Voici par exemple un film où je ne dis que des vérités sur des images qui, toutes, sont insignifiantes ou fausses ; un film qui méprise cette poussière d’images qui le compose. Je ne veux rien conserver du langage de cet art périmé, sinon peut-être le contre-champ du seul monde qu’il a regardé, et un travelling sur les idées passagères d’un temps10.

Qu’il s’agisse des photos des amis et des compagnes d’hier, des extraits de films de Carné, ou des extraits de publicités vulgaires et de soap opera11, c’est cette diversité de la nature des images qui justement révèle la prose pour elle-même dans la voix off, et la sépare de l’inanité et de la non-cohérence des images entre elles. C’est ainsi que la « poussière d’images » créée par le montage manifeste cinématographiquement la puissance formelle et conceptuelle du texte prononcé par l’auteur. Debord dans In girum… est l’un des rares réalisateurs qui est arrivé à nous montrer une voix qui s’écrit. Et il a pu montrer cette voix off, en ne présentant justement que des images pauvres, ou des images riches (notamment certains portraits) dont la valeur est niée par un montage non-continu et volontairement disharmonieux. C’est cette opposition dialectique entre les images et le texte, moyen cinématographique de révéler un texte écrit pour être écouté, qui est à l’origine de l’usage des fragments visuels, des citations de réalisateurs, et des détournements d’images marchandes. Pour faire entendre l’unité d’une écriture, elle-même censée représenter l’unité d’une vie et l’unité de la critique radicale de la société, Debord n’offre aux spectateurs que des images partielles, des images mutilées. Images de l’aliénation, comme les extraits de publicité. Images d’amour et de liberté, avec les portraits photographiques de ses amis et de ses compagnes. Images du cinéma qu’il a aimées dans sa jeunesse, un type de cinéma qui a disparu : Les visiteurs du soir et Les enfants du Paradis de Marcel Carné, ou bien l’Orphée de Cocteau. Mais des images toujours incomplètes, brisées, fracturées, que l’on monte pour en exhiber le manque, et pour faire comprendre que cette incomplétude des images fait écho à la pureté de l’écriture prononcée par la voix impassible de Debord. Incomplétude des images d’In girum…, qui va jusqu’à réutiliser des passages de pur écran blanc et de pur écran noir de son premier film, celui de sa période lettriste : Hurlements en faveur de Sade (1952). Le réalisateur assume cette lutte entre la voix et les images au sein même de son film en affirmant dans le dernier tiers d’In girum… : « Ici les spectateurs, privés de tout, seront en outre privés d’images12 ».

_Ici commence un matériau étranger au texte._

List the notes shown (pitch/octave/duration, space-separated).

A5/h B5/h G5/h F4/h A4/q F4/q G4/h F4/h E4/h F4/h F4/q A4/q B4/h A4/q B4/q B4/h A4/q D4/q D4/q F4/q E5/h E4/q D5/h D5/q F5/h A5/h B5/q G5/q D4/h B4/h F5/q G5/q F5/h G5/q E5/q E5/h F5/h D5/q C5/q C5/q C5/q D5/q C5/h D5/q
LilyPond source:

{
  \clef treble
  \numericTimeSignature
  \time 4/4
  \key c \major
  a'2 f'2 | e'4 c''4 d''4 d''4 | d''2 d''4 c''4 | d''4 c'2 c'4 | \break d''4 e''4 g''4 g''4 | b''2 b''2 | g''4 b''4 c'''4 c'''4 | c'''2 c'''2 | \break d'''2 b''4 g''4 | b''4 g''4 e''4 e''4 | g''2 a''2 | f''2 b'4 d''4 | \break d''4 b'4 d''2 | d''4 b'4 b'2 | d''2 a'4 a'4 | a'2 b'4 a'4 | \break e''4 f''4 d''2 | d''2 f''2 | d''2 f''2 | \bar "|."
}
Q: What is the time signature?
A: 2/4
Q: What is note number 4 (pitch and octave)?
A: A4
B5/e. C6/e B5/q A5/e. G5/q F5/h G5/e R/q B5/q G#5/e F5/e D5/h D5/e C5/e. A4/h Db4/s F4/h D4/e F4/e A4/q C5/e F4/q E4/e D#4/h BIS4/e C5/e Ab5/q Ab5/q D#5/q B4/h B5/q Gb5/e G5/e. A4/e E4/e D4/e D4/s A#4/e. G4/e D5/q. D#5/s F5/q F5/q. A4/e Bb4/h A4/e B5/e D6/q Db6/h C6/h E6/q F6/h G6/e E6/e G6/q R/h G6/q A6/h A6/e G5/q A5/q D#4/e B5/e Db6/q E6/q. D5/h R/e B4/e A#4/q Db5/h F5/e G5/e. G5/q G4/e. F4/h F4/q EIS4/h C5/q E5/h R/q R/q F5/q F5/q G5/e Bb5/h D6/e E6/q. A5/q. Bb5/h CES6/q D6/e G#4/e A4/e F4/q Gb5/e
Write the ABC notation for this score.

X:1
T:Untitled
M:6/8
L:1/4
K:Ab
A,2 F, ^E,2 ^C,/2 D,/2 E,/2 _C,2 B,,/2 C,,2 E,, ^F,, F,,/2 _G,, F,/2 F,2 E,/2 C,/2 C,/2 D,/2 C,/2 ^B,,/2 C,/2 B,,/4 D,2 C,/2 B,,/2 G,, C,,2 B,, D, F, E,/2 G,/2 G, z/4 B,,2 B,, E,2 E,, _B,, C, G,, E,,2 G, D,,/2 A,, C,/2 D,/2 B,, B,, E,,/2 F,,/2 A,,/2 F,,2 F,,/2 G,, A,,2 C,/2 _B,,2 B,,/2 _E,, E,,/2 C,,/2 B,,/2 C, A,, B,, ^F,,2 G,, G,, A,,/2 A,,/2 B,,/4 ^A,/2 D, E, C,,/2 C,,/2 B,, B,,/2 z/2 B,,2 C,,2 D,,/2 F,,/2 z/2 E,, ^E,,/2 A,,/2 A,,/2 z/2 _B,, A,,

2. Passage d’un médium à l’autre, un film devient livre

Le réalisateur situationniste expérimente ici une écriture singulière, qui surgit dans le cinéma, pour rejoindre peu à peu la littérature. Ce passage de l’écriture, non pas par le cinéma, mais dans le cinéma, n’est pas seulement une innovation formelle, car toute créativité dans l’énonciation exprime un désir de produire un énoncé neuf. C’est ici qu’apparaît l’objectif mémorialiste de Debord. Il s’agit, comme l’explicite la voix off de l’auteur dans ce film, de « remplacer les aventures futiles que conte le cinéma par l’examen d’un sujet important : moi-même 13».

Le réalisateur renverse le projet créatif de son précédent film, La Société du spectacle, ne se satisfaisant pas de répéter une méthode artistique déjà expérimentée : avoir réalisé un pur film de détournements pour mettre en image sa théorie. Au contraire, il crée un champ de tension et une lutte dialectique, autrement dit il produit un rapport antagonique entre le texte et les images. On perçoit un aller-retour très riche entre la forme littéraire, la forme de l’essai d’une part, et le cinéma d’autre part. D’abord un scénario, où se déploie le texte pour une voix off de Guy Debord, prononcée de façon mélancolique et distanciée, se confrontant à une série d’images détournées, d’archives personnelles, d’extraits de films de qualités très diverses, et de longs travellings mélancoliques de la lagune de Venise. Puis une « édition critique » en 1990, où la voix off de Debord retrouve une fonction purement littéraire, accompagnée d’un appareillage de notes révélant l’origine de la plupart des textes classiques cités ou détournés, et quelques commentaires de l’auteur sur l’évolution historique du cinéma et du monde depuis 1978.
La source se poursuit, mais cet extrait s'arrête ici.